As a rough contemporary, Maurice Sendak, described it, Dr Seuss knew ‘how to satisfy the customer’, and Sendak had no inkling of how to satisfy the customer but managed anyway; but ‘Ted had no intention of satisfying the customer’. He got there in the end though — working brilliantly and with great success as a commercial illustrator of book jackets, and getting famous in his own right with the anthology Amphigorey and its successors, and then his showstopping designs for a Broadway production of Dracula. But he plowed his own death-haunted furrow. As he said at one point: ‘There is so little heartless work around. So I feel I am filling a small but necessary gap.’

You find yourself, as a reader, rummaging through Gorey’s life and mentally dividing things in it into two columns. The first is headed ‘Unexpectedly un-Goreyish’, and the second is headed — to use the modern slang — ‘Gorey AF’. The first column includes: owning a bright yellow VW Beetle, having a strongish midwestern accent, sometimes wearing shorts, hanging in his house a plaque that said ‘Home Is Where Your Cats Are’, cooking from Julia Child, and having a great fondness for Tintin comics and reruns of The Golden Girls.

Almost everything else — even, though it’s a marginal case, videotaping every single episode of Buffy the Vampire Slayer — goes into the second column. He collected day-of-the-dead skulls, stones and Victorian postmortem photos (‘Any dead babies?’ was the cry at the postcard mart). As a child in Chicago he kept a pet alligator (this was not unusual at the time, but his cousin Joyce’s gloss on it, ‘You’d just put it in the canal when you were tired of it’, is very Goreyish). Poison ivy grew through a crack in the wall into his Cape Cod living room in later life. His apartment in Manhattan’s Murray Hill contained a mummy’s hand (‘It’s only a child’s,’ he told an interviewer) and a mummy’s head. He made a friend when someone dislocated his shoulder. He once accidentally flambeed his beard. Rumors circulated that he had two left hands.

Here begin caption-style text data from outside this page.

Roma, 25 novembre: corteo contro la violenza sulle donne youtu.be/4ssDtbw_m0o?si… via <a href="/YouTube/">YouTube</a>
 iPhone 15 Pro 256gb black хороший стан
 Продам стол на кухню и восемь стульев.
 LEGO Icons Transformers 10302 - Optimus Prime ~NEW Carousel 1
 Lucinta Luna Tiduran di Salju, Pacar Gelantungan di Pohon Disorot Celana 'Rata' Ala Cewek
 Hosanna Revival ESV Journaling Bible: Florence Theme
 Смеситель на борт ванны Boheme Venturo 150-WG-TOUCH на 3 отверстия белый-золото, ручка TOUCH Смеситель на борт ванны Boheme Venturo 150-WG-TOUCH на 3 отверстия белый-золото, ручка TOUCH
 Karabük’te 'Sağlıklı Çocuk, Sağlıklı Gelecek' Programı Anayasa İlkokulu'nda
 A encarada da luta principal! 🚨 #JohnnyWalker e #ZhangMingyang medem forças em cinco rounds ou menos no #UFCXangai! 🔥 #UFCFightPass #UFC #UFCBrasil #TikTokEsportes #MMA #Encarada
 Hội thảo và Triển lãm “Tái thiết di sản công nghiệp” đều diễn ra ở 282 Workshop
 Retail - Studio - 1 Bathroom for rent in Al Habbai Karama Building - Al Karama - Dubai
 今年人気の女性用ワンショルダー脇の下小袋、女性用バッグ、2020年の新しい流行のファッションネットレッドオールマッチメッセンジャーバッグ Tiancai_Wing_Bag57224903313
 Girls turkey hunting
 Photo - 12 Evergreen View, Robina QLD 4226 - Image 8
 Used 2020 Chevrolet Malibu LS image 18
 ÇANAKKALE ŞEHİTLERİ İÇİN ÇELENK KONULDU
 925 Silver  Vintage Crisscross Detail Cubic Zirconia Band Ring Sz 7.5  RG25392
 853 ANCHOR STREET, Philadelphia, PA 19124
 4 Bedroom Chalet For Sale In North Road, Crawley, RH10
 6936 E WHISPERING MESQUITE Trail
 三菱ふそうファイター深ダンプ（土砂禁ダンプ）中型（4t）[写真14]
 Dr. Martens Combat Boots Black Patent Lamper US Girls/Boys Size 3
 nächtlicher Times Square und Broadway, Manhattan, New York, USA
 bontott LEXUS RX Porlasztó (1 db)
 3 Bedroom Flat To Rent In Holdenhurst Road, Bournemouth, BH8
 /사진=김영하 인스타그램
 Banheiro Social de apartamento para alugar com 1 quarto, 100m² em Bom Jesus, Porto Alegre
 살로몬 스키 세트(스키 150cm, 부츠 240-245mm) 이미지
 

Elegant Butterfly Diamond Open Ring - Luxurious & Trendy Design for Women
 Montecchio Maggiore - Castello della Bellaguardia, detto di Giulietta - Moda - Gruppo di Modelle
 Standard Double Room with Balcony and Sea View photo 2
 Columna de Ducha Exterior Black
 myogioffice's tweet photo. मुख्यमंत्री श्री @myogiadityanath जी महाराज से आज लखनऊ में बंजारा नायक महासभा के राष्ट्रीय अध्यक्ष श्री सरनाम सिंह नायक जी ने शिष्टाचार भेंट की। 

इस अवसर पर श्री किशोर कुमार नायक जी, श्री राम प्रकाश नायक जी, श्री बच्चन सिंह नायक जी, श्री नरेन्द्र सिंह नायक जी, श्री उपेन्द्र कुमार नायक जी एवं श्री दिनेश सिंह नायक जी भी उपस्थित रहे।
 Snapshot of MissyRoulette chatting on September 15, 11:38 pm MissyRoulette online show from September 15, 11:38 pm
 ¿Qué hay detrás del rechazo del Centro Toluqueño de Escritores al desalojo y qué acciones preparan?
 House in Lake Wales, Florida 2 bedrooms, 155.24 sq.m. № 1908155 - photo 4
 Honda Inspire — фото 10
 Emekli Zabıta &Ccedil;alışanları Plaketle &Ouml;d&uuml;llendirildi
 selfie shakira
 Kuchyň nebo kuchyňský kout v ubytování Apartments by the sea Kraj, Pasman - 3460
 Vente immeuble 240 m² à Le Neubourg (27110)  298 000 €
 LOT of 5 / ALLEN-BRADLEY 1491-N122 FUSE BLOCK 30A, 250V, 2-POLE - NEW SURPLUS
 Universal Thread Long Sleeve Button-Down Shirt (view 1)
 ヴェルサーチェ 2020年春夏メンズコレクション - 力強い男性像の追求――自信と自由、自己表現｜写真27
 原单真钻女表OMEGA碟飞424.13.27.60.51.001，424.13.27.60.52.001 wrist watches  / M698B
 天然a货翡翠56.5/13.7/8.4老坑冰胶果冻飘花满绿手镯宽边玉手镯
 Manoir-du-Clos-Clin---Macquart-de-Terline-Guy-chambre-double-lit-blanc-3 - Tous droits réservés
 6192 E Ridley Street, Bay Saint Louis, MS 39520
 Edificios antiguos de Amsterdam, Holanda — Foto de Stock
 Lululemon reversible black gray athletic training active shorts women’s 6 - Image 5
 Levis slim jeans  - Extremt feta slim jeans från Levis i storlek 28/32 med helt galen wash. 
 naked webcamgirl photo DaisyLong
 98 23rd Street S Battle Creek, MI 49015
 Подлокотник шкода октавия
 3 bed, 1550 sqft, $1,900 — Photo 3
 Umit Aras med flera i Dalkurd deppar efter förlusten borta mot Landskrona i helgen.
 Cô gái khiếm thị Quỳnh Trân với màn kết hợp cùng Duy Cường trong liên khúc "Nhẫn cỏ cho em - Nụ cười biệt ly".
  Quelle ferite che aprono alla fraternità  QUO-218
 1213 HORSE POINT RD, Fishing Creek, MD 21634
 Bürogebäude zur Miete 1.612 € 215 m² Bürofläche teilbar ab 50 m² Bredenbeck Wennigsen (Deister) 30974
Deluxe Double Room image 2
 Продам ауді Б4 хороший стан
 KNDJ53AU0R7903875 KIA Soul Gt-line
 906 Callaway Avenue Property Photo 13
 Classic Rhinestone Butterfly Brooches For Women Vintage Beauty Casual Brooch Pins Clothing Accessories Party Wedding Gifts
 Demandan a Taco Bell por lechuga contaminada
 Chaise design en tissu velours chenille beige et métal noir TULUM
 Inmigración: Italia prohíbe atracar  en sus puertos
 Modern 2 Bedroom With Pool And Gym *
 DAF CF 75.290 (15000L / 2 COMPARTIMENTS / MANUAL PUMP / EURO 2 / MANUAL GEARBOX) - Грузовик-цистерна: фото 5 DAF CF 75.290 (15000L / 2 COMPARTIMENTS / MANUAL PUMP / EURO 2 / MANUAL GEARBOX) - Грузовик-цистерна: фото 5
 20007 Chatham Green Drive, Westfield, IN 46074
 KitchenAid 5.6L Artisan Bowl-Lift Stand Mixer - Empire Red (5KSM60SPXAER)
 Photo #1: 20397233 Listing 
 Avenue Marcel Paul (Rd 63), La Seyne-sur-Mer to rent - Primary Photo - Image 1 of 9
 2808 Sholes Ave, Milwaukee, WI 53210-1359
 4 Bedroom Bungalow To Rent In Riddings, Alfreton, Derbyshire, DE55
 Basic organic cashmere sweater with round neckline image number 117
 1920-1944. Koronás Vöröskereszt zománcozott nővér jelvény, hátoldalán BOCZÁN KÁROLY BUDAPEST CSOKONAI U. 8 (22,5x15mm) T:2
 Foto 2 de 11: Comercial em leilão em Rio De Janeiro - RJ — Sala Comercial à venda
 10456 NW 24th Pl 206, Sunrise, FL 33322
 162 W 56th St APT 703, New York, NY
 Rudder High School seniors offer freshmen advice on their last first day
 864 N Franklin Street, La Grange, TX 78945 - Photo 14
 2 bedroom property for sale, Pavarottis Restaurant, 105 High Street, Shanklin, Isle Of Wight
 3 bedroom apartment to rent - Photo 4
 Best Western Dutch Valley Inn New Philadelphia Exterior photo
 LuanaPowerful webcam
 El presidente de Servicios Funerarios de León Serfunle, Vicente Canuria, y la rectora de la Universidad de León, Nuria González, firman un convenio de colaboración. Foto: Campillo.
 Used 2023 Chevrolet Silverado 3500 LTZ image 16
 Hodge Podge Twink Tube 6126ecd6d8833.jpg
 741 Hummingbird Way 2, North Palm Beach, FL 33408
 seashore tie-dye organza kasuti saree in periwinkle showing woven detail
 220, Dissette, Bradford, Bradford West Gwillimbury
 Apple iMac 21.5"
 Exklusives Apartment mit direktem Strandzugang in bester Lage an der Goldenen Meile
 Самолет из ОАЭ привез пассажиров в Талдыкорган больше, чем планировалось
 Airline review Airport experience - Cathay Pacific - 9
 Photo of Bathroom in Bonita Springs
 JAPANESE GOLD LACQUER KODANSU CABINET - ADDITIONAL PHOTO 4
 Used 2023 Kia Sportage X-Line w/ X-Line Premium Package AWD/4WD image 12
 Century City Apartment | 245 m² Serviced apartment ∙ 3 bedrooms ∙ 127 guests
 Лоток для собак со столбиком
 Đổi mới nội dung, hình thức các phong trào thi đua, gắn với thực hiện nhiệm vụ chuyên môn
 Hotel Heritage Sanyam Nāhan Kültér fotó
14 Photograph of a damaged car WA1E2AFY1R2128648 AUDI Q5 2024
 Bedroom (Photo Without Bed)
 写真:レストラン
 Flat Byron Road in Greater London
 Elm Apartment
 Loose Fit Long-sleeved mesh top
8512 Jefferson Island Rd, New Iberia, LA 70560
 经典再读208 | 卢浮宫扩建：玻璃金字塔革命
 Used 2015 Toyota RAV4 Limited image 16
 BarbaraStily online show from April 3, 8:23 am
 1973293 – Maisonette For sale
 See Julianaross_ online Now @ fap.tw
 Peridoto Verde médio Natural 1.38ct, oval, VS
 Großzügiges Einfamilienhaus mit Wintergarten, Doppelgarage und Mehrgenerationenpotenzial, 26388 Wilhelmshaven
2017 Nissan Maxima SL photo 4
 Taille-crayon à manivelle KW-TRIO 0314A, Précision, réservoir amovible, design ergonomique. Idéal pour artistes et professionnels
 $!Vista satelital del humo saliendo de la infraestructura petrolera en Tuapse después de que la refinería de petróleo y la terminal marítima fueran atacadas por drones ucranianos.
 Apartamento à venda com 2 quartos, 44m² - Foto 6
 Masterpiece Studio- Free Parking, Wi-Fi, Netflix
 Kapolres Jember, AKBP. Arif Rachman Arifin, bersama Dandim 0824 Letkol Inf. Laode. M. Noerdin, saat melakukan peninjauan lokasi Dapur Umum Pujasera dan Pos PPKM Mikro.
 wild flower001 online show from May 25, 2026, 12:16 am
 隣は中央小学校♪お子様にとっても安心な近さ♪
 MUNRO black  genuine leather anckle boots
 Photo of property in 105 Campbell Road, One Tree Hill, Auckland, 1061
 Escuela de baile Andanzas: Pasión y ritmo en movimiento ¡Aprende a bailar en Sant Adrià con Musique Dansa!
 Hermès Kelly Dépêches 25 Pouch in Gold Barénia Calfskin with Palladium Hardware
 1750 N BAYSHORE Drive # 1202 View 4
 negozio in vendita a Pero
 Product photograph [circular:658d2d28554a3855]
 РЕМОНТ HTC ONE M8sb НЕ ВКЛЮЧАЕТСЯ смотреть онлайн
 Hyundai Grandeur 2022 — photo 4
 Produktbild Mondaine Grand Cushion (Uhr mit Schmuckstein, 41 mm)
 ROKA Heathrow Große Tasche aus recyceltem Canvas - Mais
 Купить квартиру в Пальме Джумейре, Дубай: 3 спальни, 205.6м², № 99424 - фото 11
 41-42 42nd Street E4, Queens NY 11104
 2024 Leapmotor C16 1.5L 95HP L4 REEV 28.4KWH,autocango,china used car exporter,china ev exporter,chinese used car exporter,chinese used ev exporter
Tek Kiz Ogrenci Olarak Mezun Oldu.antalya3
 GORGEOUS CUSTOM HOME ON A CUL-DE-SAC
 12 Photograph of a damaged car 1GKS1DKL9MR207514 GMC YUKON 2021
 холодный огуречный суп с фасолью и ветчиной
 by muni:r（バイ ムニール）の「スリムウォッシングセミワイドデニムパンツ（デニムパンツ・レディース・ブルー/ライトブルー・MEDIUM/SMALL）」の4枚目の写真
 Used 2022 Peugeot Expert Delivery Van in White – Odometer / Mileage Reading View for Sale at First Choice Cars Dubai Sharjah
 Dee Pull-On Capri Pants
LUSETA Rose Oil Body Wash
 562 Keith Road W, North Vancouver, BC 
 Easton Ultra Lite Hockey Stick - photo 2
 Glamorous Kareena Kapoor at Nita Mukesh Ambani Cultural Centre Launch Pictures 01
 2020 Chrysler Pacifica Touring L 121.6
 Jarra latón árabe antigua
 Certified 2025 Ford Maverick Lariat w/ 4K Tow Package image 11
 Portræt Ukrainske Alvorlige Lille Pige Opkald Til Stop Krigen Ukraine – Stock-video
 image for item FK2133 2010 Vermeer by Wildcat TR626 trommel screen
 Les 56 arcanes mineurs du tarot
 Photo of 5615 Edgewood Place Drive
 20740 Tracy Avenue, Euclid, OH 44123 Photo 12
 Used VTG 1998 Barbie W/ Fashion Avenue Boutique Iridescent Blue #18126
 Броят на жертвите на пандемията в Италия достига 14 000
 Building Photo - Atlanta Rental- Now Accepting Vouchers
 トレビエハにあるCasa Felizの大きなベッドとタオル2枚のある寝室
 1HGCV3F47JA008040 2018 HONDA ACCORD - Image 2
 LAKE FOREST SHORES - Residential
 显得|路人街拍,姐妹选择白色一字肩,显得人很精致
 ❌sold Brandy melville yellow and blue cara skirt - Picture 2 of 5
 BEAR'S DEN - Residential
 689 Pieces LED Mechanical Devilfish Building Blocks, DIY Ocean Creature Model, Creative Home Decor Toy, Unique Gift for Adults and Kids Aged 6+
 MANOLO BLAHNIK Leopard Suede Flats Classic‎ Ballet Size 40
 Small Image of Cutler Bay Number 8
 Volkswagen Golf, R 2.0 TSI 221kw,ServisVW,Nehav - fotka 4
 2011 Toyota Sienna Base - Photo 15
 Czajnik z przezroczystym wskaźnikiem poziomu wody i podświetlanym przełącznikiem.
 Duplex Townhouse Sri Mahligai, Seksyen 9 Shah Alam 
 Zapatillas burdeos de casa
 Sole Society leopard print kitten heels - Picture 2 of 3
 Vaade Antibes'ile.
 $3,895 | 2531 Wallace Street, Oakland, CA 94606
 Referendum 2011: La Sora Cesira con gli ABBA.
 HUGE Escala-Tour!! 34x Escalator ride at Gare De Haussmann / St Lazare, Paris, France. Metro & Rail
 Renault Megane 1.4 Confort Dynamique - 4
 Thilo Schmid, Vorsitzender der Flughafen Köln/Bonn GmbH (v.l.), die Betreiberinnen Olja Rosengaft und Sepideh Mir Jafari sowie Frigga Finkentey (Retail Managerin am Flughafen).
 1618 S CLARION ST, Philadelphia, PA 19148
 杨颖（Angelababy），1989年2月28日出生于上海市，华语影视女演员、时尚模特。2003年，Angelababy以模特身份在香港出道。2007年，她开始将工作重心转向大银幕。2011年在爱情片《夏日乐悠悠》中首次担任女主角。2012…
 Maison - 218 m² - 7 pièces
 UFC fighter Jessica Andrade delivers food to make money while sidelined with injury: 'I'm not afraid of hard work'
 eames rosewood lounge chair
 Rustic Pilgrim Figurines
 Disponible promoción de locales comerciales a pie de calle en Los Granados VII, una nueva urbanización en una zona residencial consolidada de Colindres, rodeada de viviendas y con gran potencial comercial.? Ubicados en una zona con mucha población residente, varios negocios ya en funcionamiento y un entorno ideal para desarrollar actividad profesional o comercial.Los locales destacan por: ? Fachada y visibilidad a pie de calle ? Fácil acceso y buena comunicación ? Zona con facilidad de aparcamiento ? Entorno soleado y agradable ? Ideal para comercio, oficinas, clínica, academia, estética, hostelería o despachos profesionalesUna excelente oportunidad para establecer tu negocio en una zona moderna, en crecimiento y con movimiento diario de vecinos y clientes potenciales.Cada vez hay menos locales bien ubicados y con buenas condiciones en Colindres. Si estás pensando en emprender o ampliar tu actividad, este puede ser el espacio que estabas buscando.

And in his pomp Gorey played himself with great relish: tall, extravagantly bearded, ears pierced and hands bristling with rings, wearing a full-length fur coat and old-fashioned white sneakers, arch and epigrammatic in his conversation. Like his many extravagant pseudonyms, it was a game of display and evasion. Gorey had been a solitary and highly intelligent only child — raised by his mother and cousins after his parents’ divorce — who read very early and very widely and deeply. He doesn’t seem to have been a wholly happy man. He had intense and often collaborative friendships that would last a few years and then drift into indifference or hostility. He was tortured, a handful of times, by terrible unrequited crushes on unavailable men. But in the life, as in the work. ‘Irony,’ Mark Dery writes, ‘is what turns tragedy into black comedy in Gorey’s world.’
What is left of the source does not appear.